═══ Material for this task

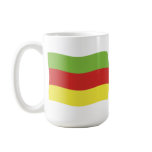 Bodos People Flag Mug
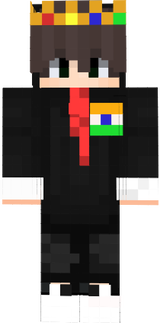 Naruto ki Skin hai 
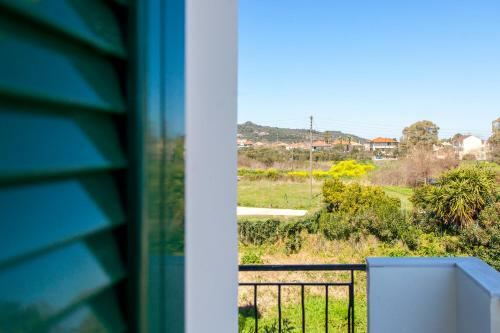 Ligia Waterfront Apartments
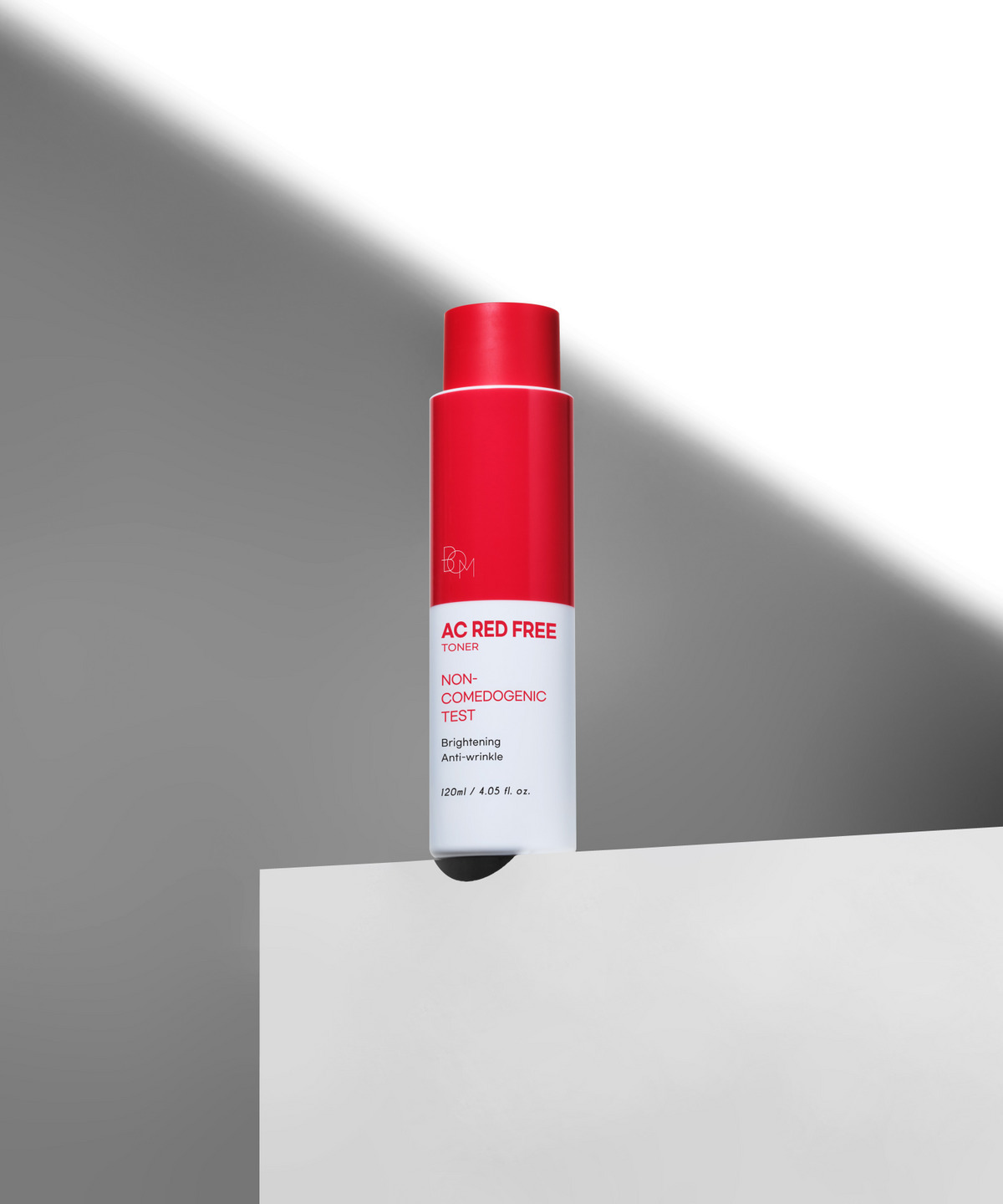 BOM AC 淨痘舒緩調理爽膚水 120ml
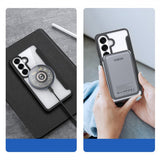 Dux Ducis Samsung Galaxy S26 Etui Skin X Pro Series MagSafe Sort
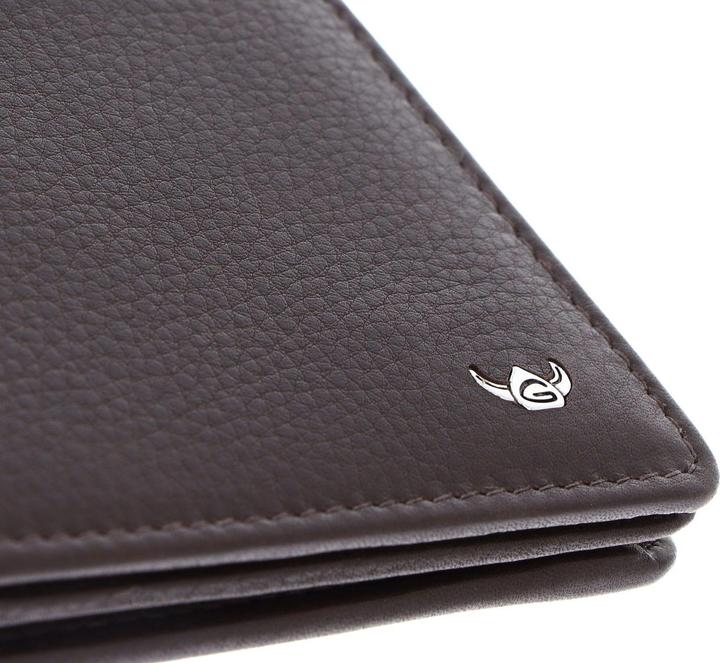 Actual product image Golden Head Wallet Capri RFID Protect 1364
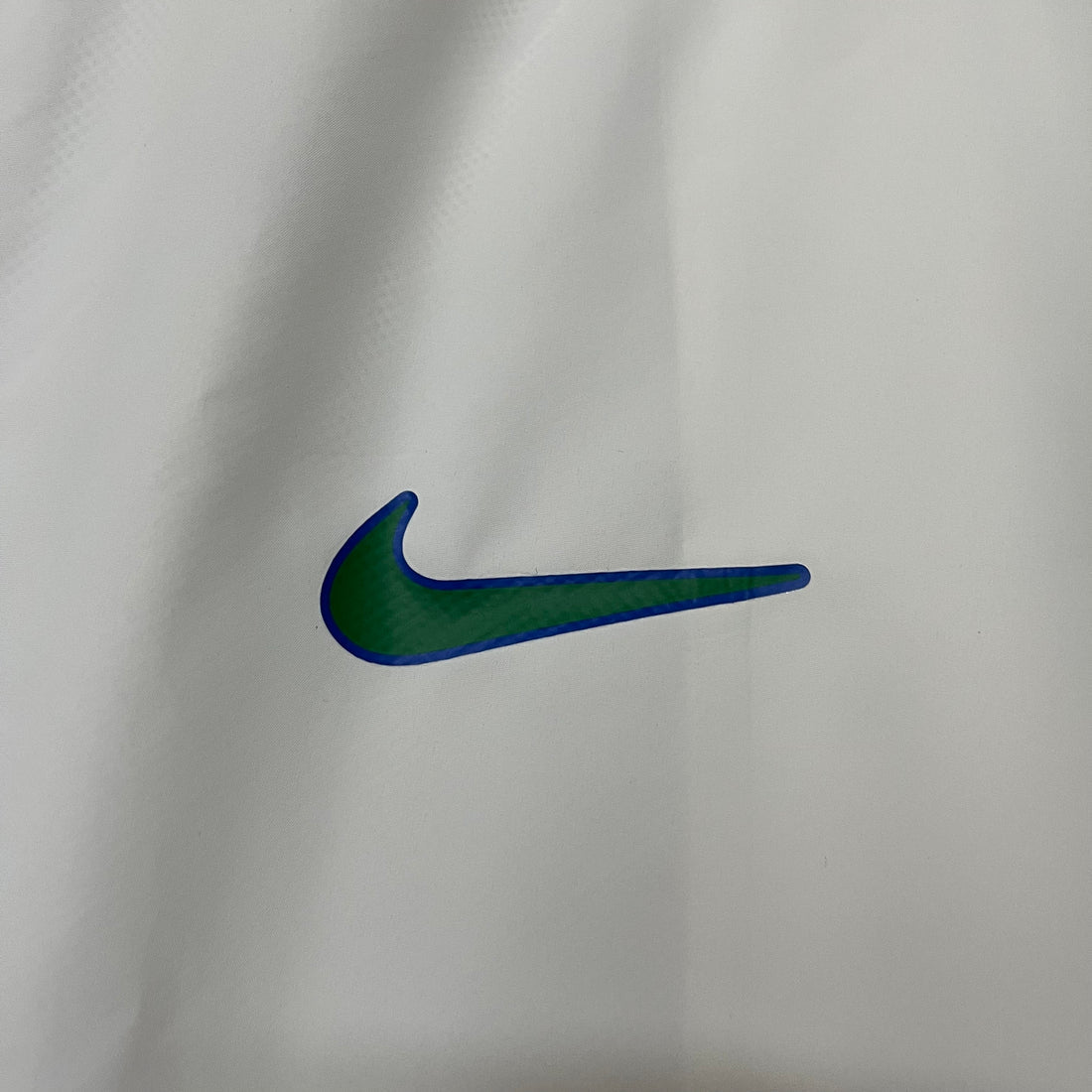 Brasil 1998 Reissue Jacket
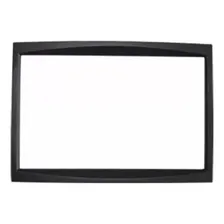 Moldura 2 Din Peugeot 307/citroen C3 Fiamon 2866 Jp Foto mini 3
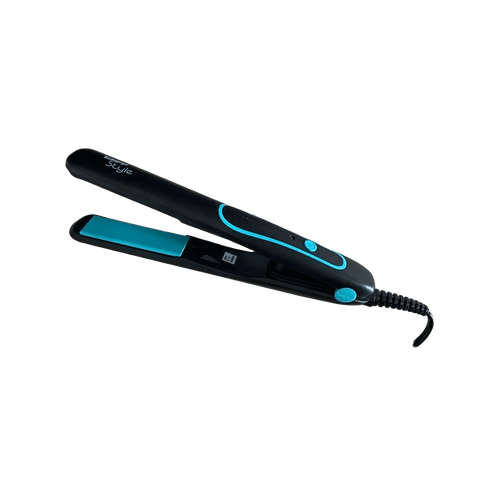 Taiff Style Preta - Prancha de Cabelo Bivolt NULO Taiff Style Preta - Prancha de Cabelo Bivolt NULO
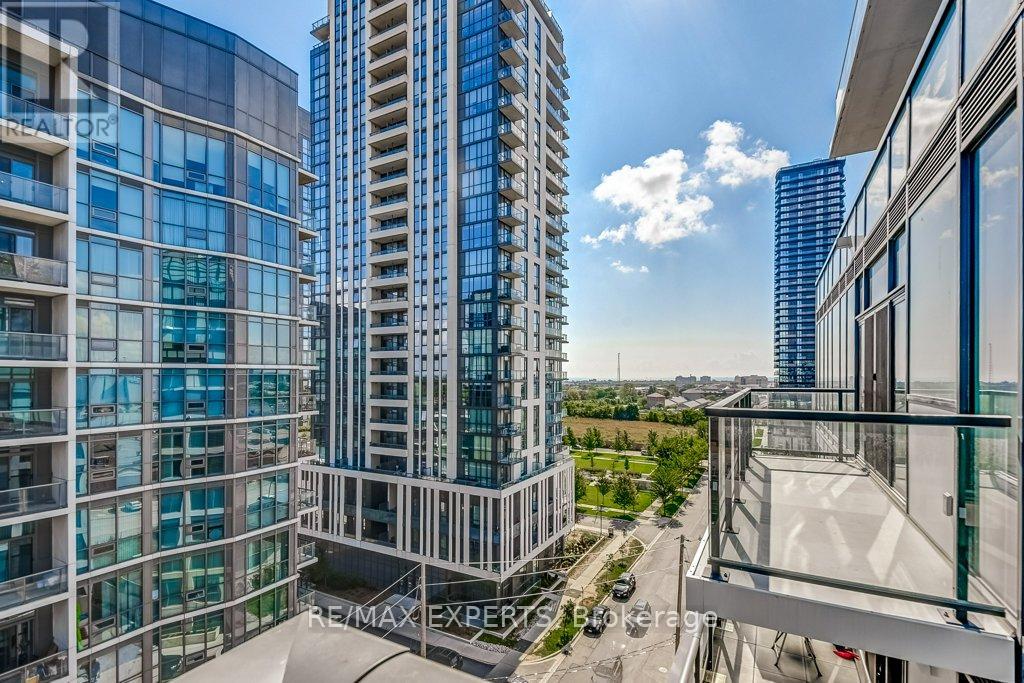 806 - 1195 The Queensway, Toronto, Ontario  M8Z 1R7 - Photo 28 - W12779888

══════

Your task> The copy you write must hold every record verbatim and none of the pictures.

The answer>
 Bodos People Flag Mug
 Naruto ki Skin hai 
 Ligia Waterfront Apartments
 BOM AC 淨痘舒緩調理爽膚水 120ml
 Dux Ducis Samsung Galaxy S26 Etui Skin X Pro Series MagSafe Sort
 Actual product image Golden Head Wallet Capri RFID Protect 1364
 Brasil 1998 Reissue Jacket
 Moldura 2 Din Peugeot 307/citroen C3 Fiamon 2866 Jp Foto mini 3
 Taiff Style Preta - Prancha de Cabelo Bivolt NULO Taiff Style Preta - Prancha de Cabelo Bivolt NULO
 806 - 1195 The Queensway, Toronto, Ontario  M8Z 1R7 - Photo 28 - W12779888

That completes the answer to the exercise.